-- Activity --
Exclude the images and transcribe the entries below precisely.

[Web page caption snippets]
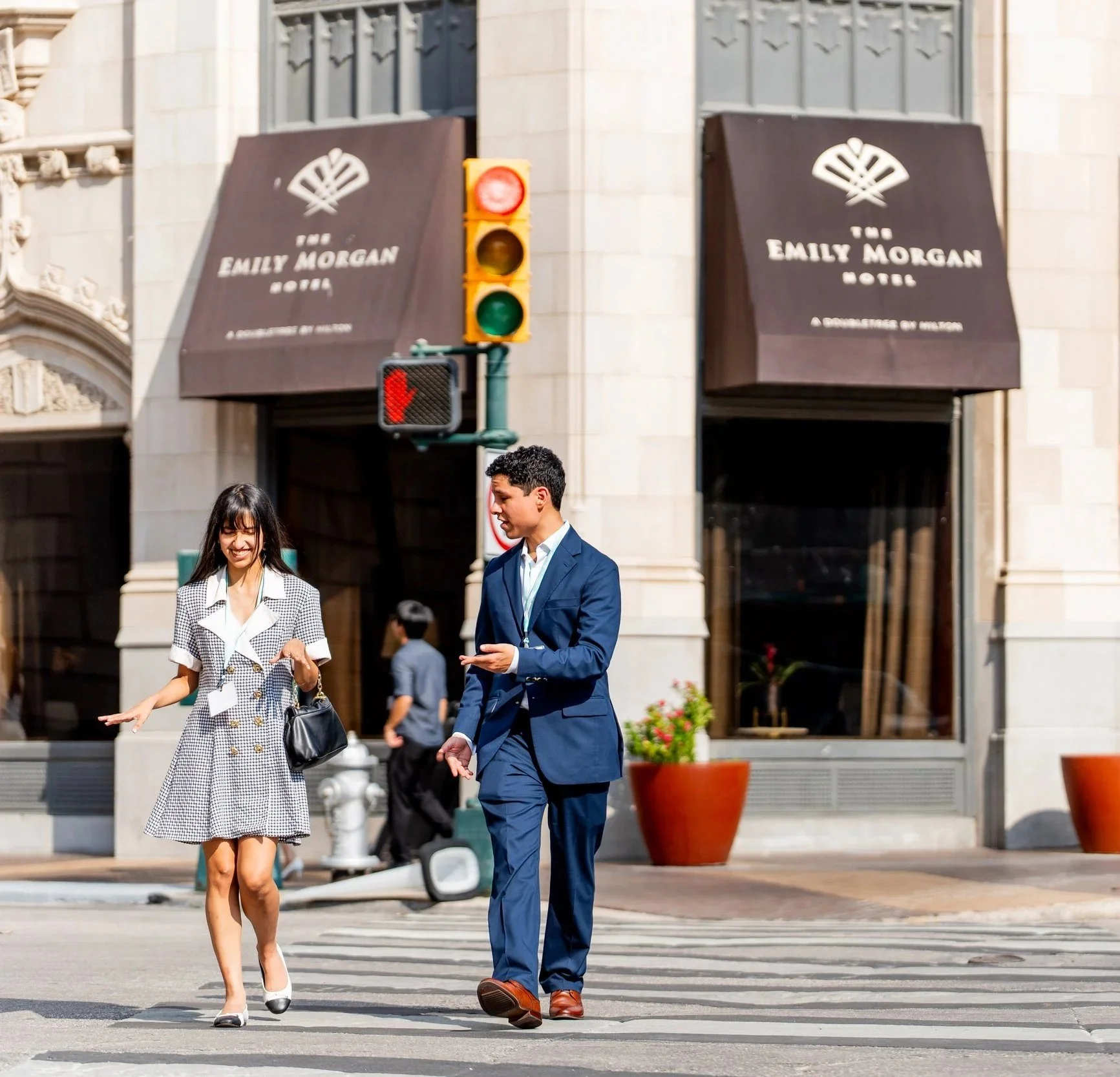 Couple walking past the Emily Morgan Hotel, a Doubletree by Hilton in downtown San Antonio after their stay.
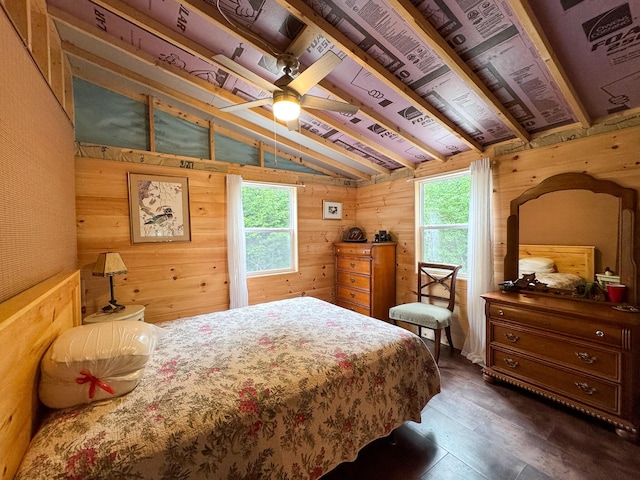 147 Loop Rd, Lincoln, ME 04457 - bedroom with wood walls, multiple windows, and dark wood-style floors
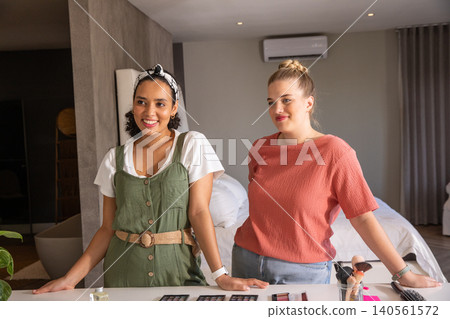 Diverse female friends standing behind countertop in bedroom showcasing makeup palettes, brushes Diverse female friends standing behind countertop in bedroom showcasing makeup palettes, brushes 140561572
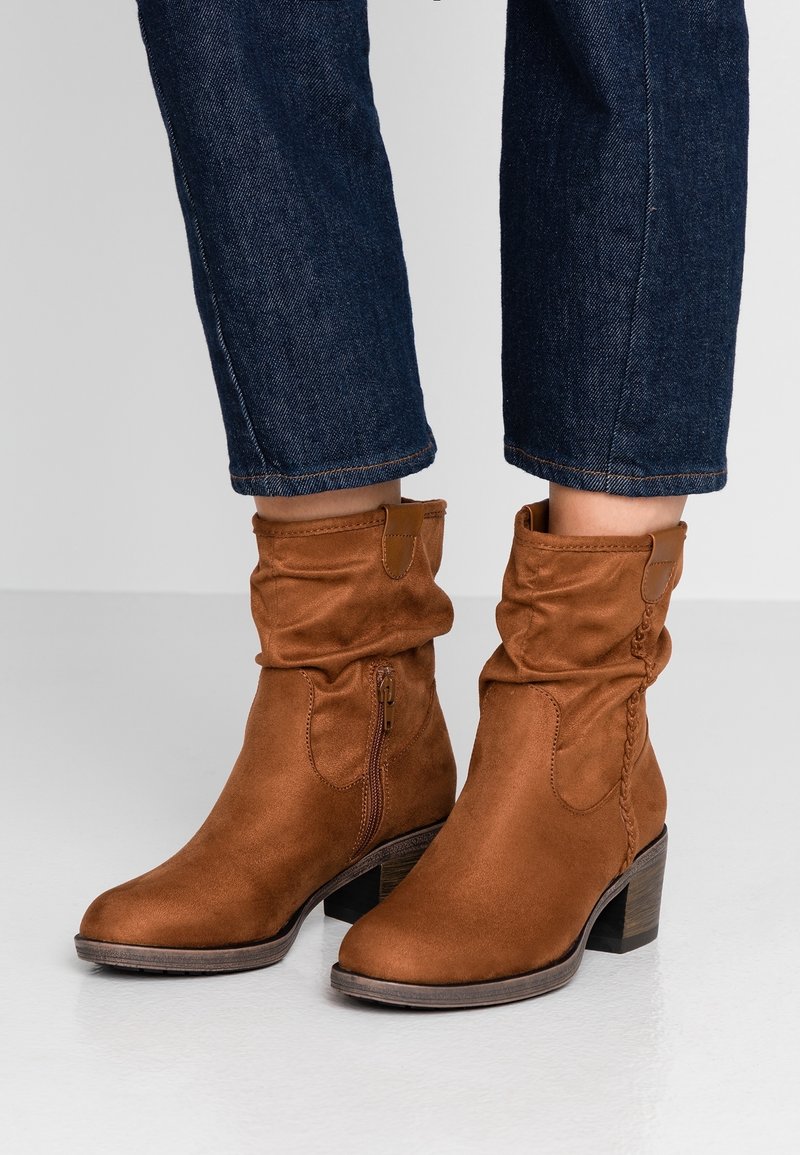 Stivaletti alla caviglia in suede marrone con un design morbido, cerniera laterale e tacco impilato. Presentano dettagli intrecciati e una texture liscia.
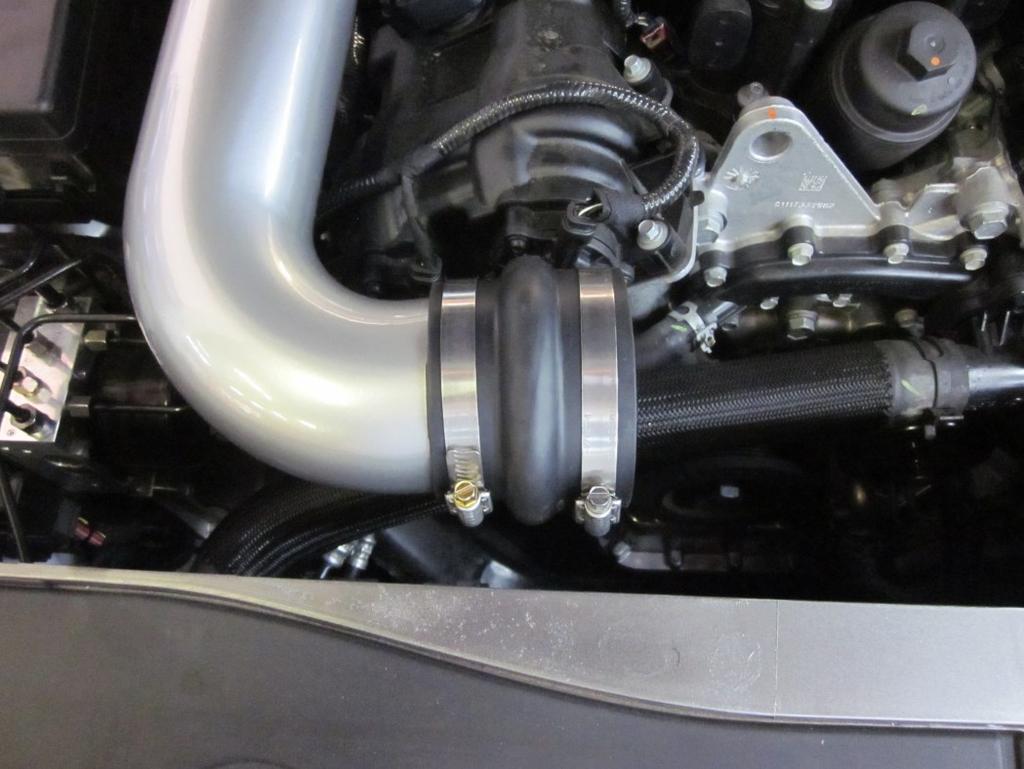 PART NUMBER 77070045AB v) Install the 3 ¼ ID end of the supplied hump hose onto the throttle body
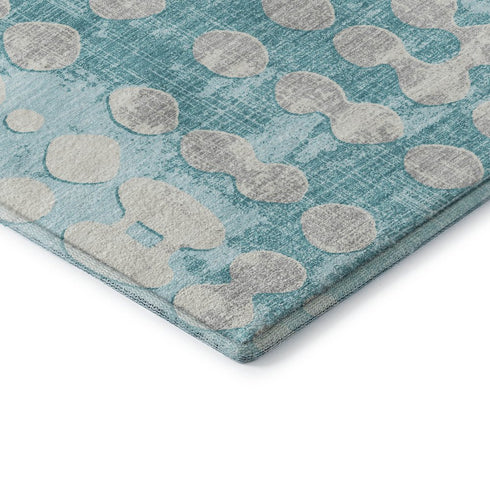 5' X 8' Teal And Ivory Polka Dot Washable Area Rug With UV Protection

-- Worked solution --
 Couple walking past the Emily Morgan Hotel, a Doubletree by Hilton in downtown San Antonio after their stay.
 147 Loop Rd, Lincoln, ME 04457 - bedroom with wood walls, multiple windows, and dark wood-style floors
 Diverse female friends standing behind countertop in bedroom showcasing makeup palettes, brushes Diverse female friends standing behind countertop in bedroom showcasing makeup palettes, brushes 140561572
 Stivaletti alla caviglia in suede marrone con un design morbido, cerniera laterale e tacco impilato. Presentano dettagli intrecciati e una texture liscia.
 PART NUMBER 77070045AB v) Install the 3 ¼ ID end of the supplied hump hose onto the throttle body
 5' X 8' Teal And Ivory Polka Dot Washable Area Rug With UV Protection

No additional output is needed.